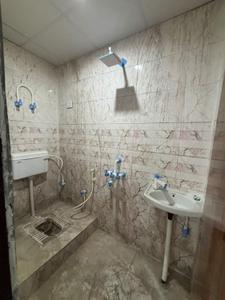 Image of 1050 Sq.ft 2 BHK Builder Floor for sale in Sector 49, Noida for Rs. 4100000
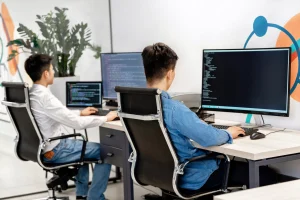 Boostez votre visibilité avec une agence seo plombier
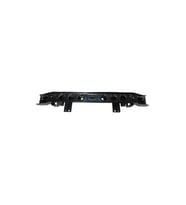 FIAT BRAVO- 97/03; ÖN PANEL ARA TRAVERSİ (EAGLE BODY) 1820-2365 98800026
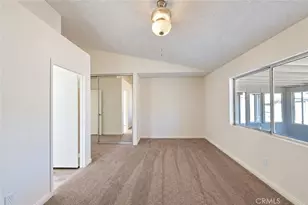 1291 Comiskey Ct, Perris, CA 92571 - Photo 31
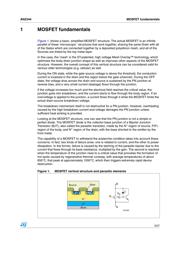 STP7NM80 datasheet.datasheet_page 5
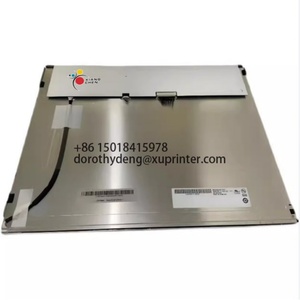 DO High Quality G150XG01 G150XG01V.2 LCD DISPLAY SCREEN PANEL for Offset <b>Printing</b> <b>Machine</b> Parts 00.785.0363 - Product Image 3
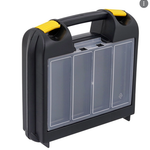 CAIXA MALETA FERRAMENTA PLAST PT CF-28 UN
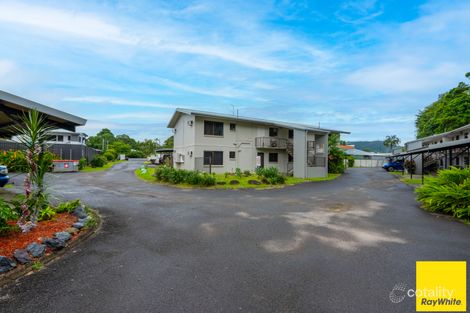 2/64 Pease St, Manoora, QLD 4870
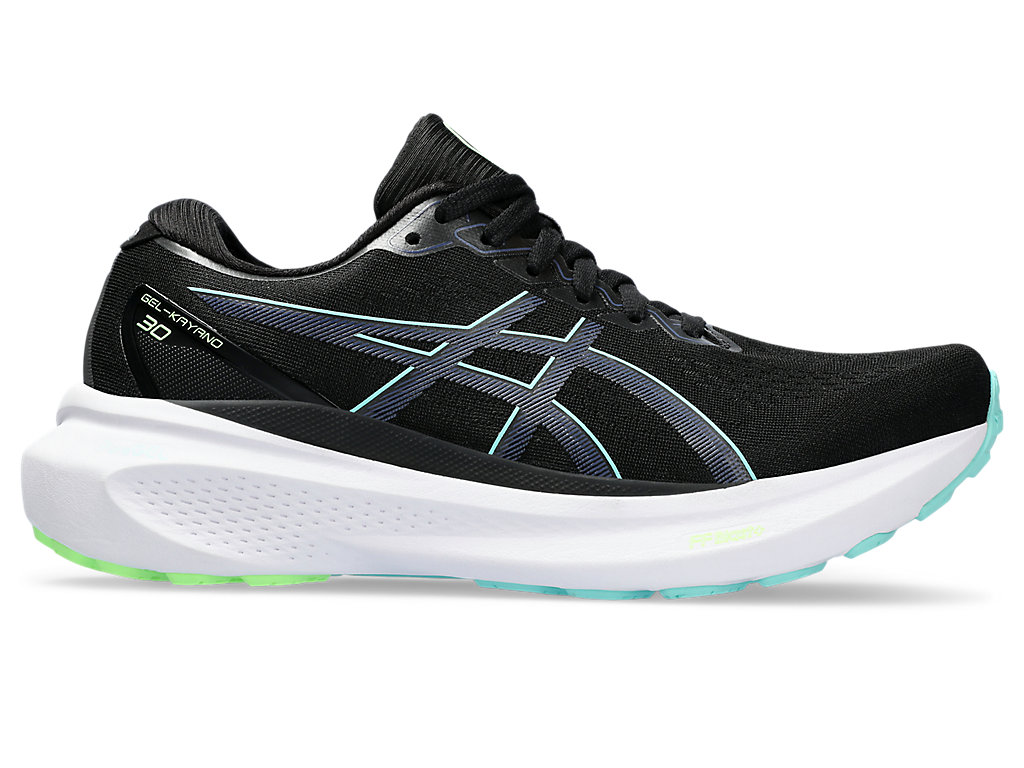 GEL-KAYANO 30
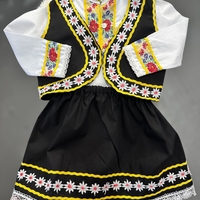 Рокля момиче 26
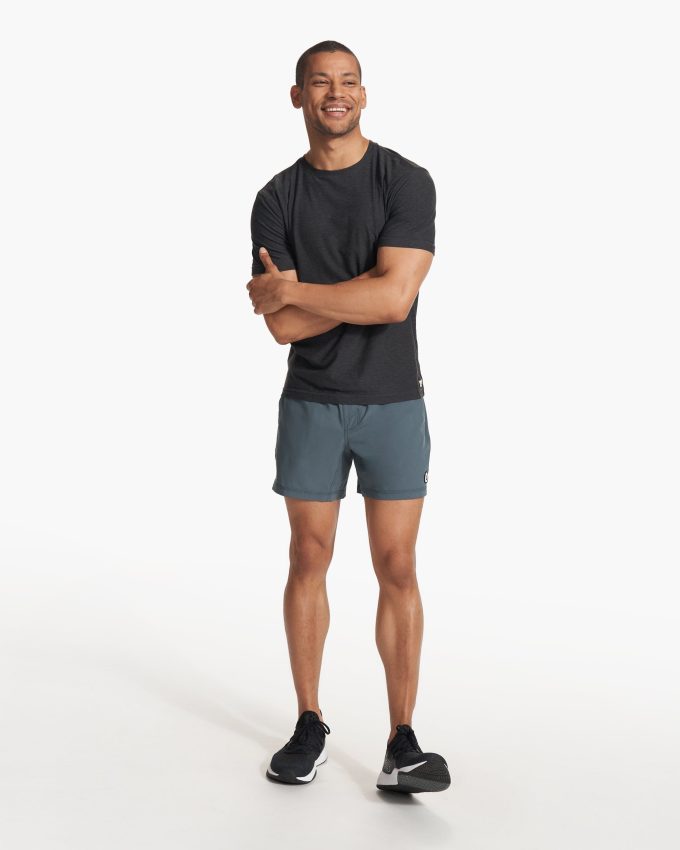 Kore Short 5"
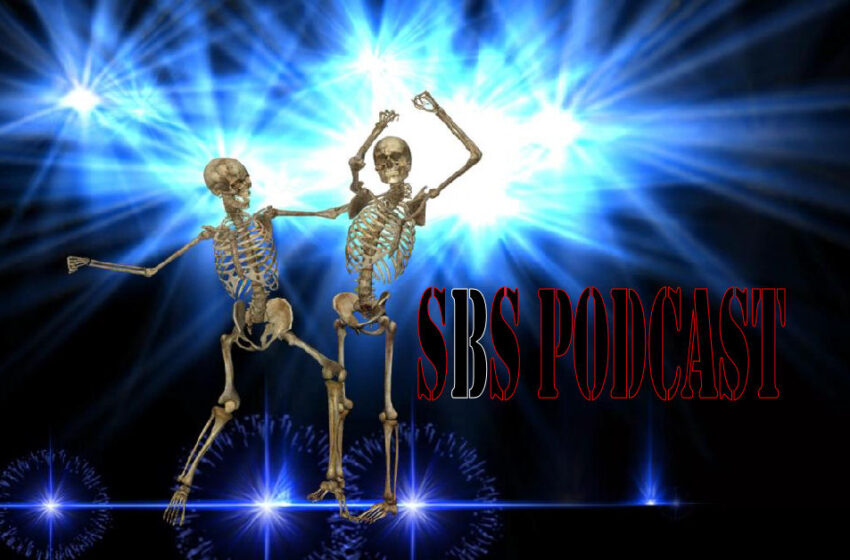  SBS Podcast 103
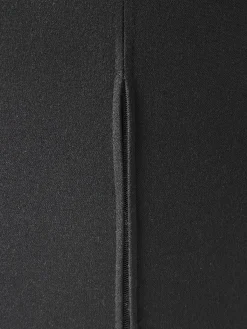 Sillas Tapizadas Luisa, 2 Uds.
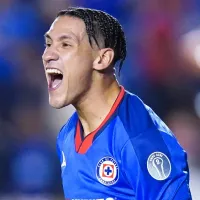 Liga MX: ¿Qué necesita Cruz Azul para llegar directo a la Liguilla del Clausura 2024 sin pasar por Play In?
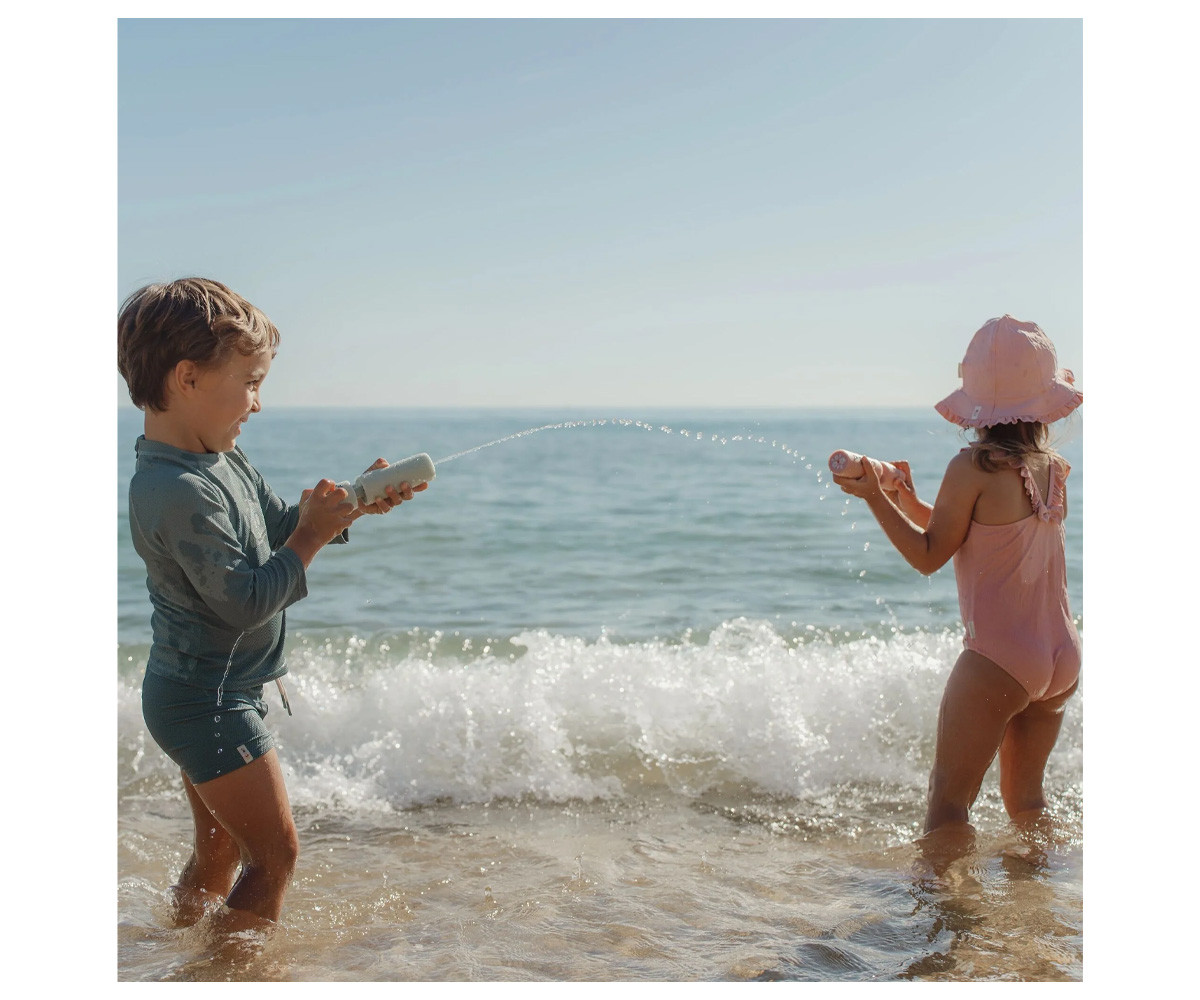 Lanzador Agua Dreamy Mermaid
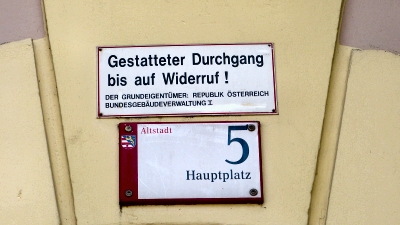 P1090567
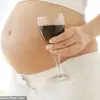 From Regret to Sobriety: How a Medication Transformed a Second Pregnancy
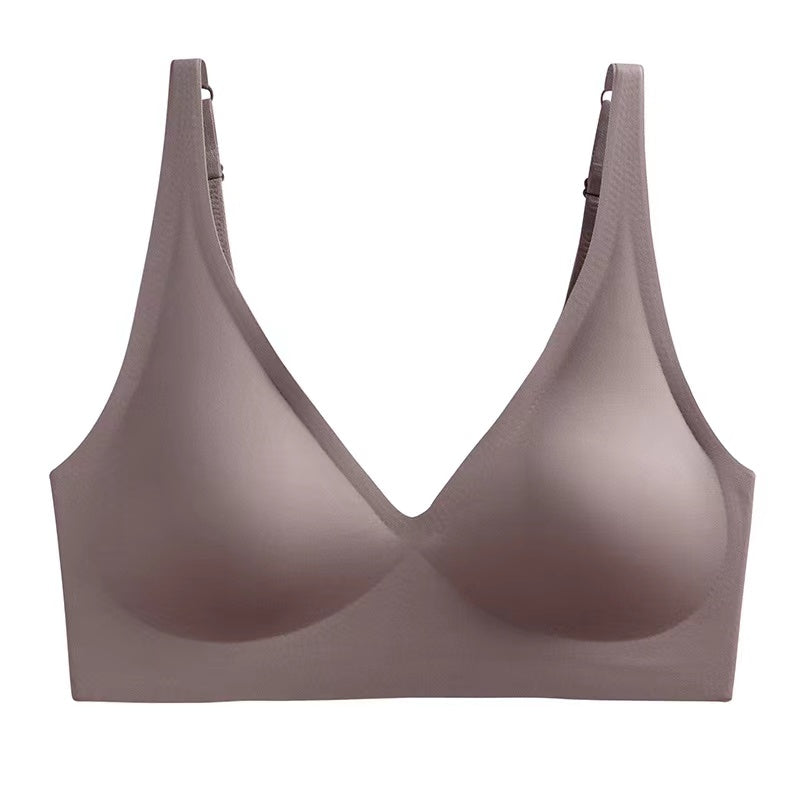 Cloudsoft™ — All-Day Comfort, Pain-Free Support | 50% Off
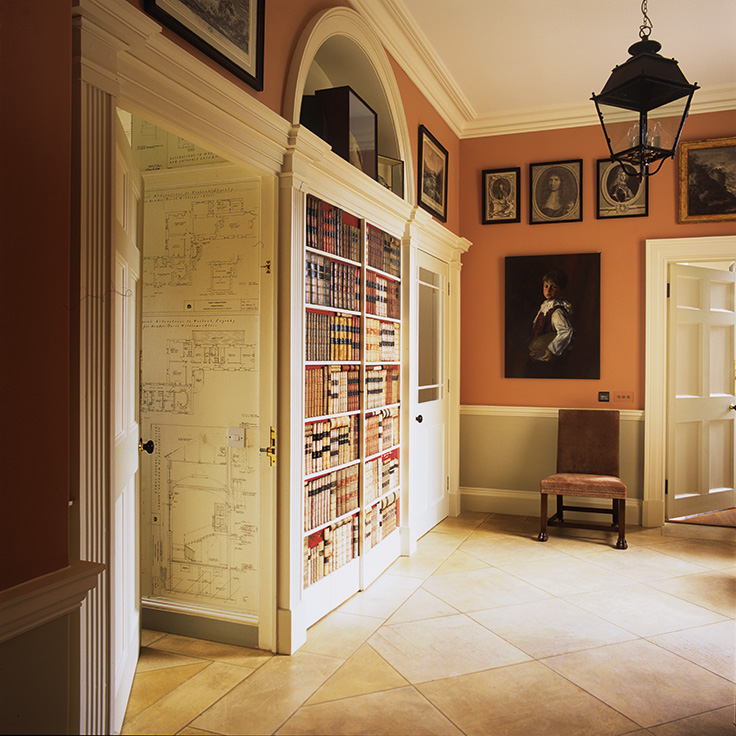 serena-williams-ellis-3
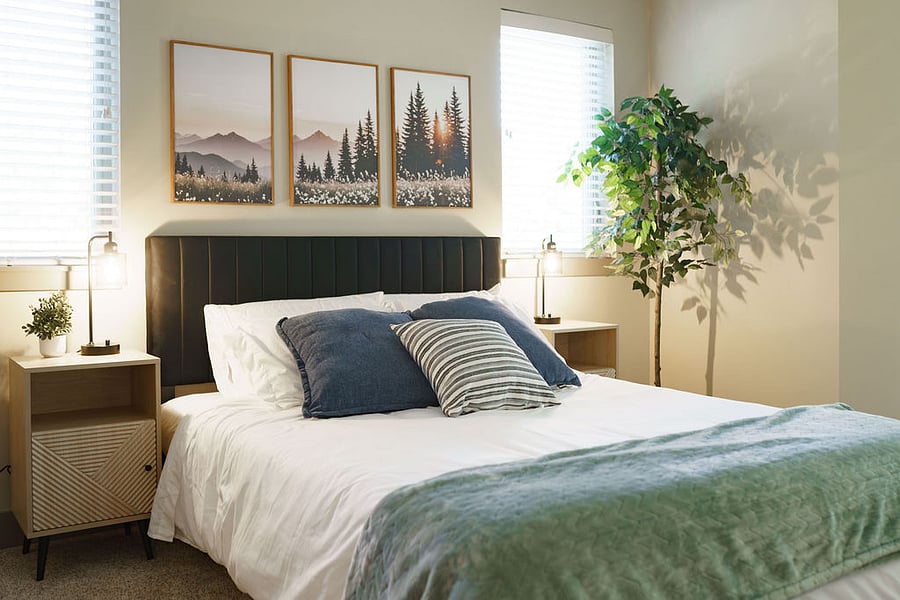 Furnished Finder property 867748_1 photo 11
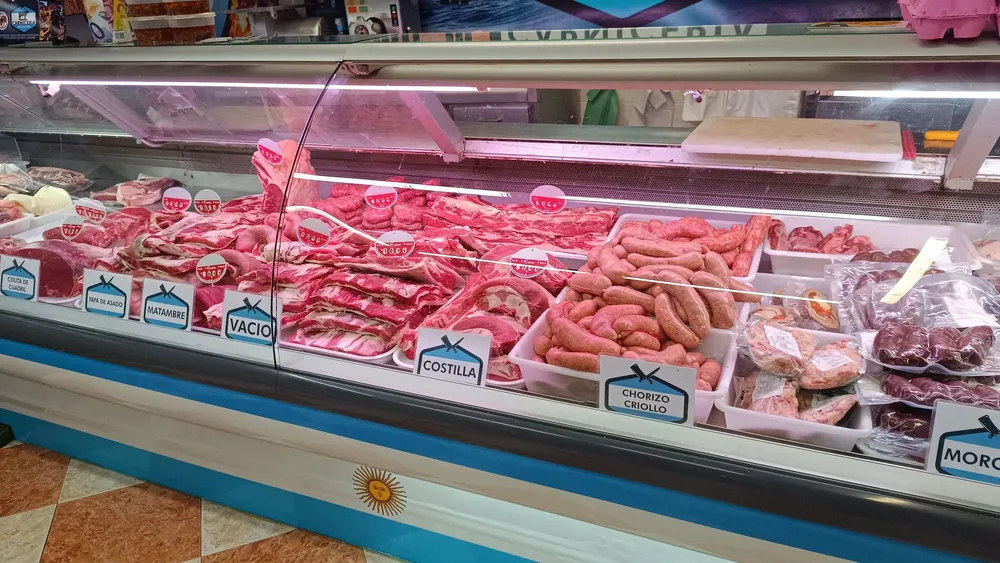 488873815_972407388341185_5710798715375131907_n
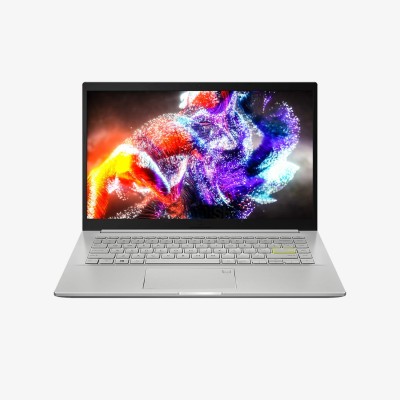 Ноутбук GamePro Z16 - купить в Камском Леспромхозе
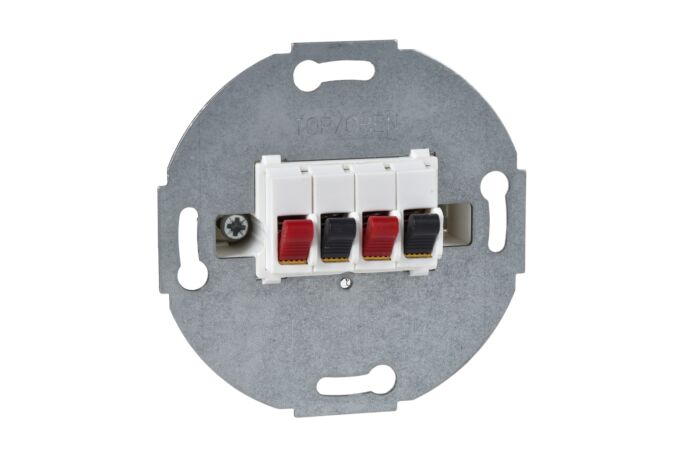 SCHNEIDER Svorky MTN467019 připojovací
■ ■ ■ ■
- **Work request**:
Set out the material once more, exact in every line, with no images.

- **Reply to the task**:
 Image of 1050 Sq.ft 2 BHK Builder Floor for sale in Sector 49, Noida for Rs. 4100000
 Boostez votre visibilité avec une agence seo plombier
 FIAT BRAVO- 97/03; ÖN PANEL ARA TRAVERSİ (EAGLE BODY) 1820-2365 98800026
 1291 Comiskey Ct, Perris, CA 92571 - Photo 31
 STP7NM80 datasheet.datasheet_page 5
 DO High Quality G150XG01 G150XG01V.2 LCD DISPLAY SCREEN PANEL for Offset <b>Printing</b> <b>Machine</b> Parts 00.785.0363 - Product Image 3
 CAIXA MALETA FERRAMENTA PLAST PT CF-28 UN
 2/64 Pease St, Manoora, QLD 4870
 GEL-KAYANO 30
 Рокля момиче 26
 Kore Short 5"
  SBS Podcast 103
 Sillas Tapizadas Luisa, 2 Uds.
 Liga MX: ¿Qué necesita Cruz Azul para llegar directo a la Liguilla del Clausura 2024 sin pasar por Play In?
 Lanzador Agua Dreamy Mermaid
 P1090567
 From Regret to Sobriety: How a Medication Transformed a Second Pregnancy
 Cloudsoft™ — All-Day Comfort, Pain-Free Support | 50% Off
 serena-williams-ellis-3
 Furnished Finder property 867748_1 photo 11
 488873815_972407388341185_5710798715375131907_n
 Ноутбук GamePro Z16 - купить в Камском Леспромхозе
 SCHNEIDER Svorky MTN467019 připojovací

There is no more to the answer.